Irak'ta yaşanabilecek bir iç çatışmanın çıkmasını isteyecek ilk ülke ise kuşkusuz İsrail olacaktır. Zira böylesi bir seçenekte bölgenin uğraşmak zorunda kalacağı yeni bir mesele daha vukuu bulacağından Tel Aviv yönetimi şimdiye kadar yürüttüğü bölgesel politikalarına uyacak şekilde bölge ülkelerinin bu sorunla zaman harcamasını isteyecektir. Böylesi bir durumda IŞD'in yeniden ortaya çıkıp gücünü artırmak için fırsat kolladığı bir dönem başlayabileceği gibi diğer terör örgütleri açısından da değerlendirilmek istenilecek bir süreç başlatılmış olacaktır. Özelikle İran'ın, Irak-Suriye-Lübnan hattını birleştirme çabasının karşısında durmak isteyen İsrail açısından, bu güzergâhta çıkacak/çıkarılacak karışıklıkların ne anlama geldiği açıktır.

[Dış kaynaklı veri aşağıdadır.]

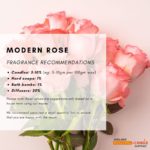modern-rose-fragrance-2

Türkiye'nin ilan ettiği Türkmen hassasiyetinin dikkate alınmaması ve Irak'ın mevcut siyasi yapısının bozulması durumundaysa askeri müdahale seçeneği kaçınılmaz olarak ülkemizin karşısında bulunacaktır. Peşinen söylemek gerekir ki koşulları şimdiden belli olan Irak'taki böylesine karmaşık ve oldubitti anlayışına haiz gelişmeler açısından Türkiye'nin atacağı her adımın meşruiyeti vardır. Zira Irak'ın toprak bütünlüğünün bozulması Türkiye'yi pek çok açıdan tehdit ettiği gibi Kandil ve Sincar'da bulunan terör kampları ve PKK'nın Irak'ta oluşabilecek iç savaş şartlarını (Suriye'de olduğu gibi) kullanarak böylesine karmaşık bir süreçten yararlanma isteği, Türkiye'nin Irak'ın kuzeyinde Kandil ve Sincar dağları başta olmak üzere Tel Afer'den başlayıp önce Musul'a, ardından da Kerkük'e kadar inebilecek bir sahada müdahale hakkı doğuracaktır. Asla unutulmamalıdır ki askeri seçenek böylesi bir koşul altında sadece üzerinde çalışılan bir senaryo değil, mutlak suretle adım atılması gereken bir konudur. Gereği yapılmadığı takdirde Türkiye'nin milli güvenliği yakın zaman sonrasında çok büyük risklerle karşı karşıya kalacaktır.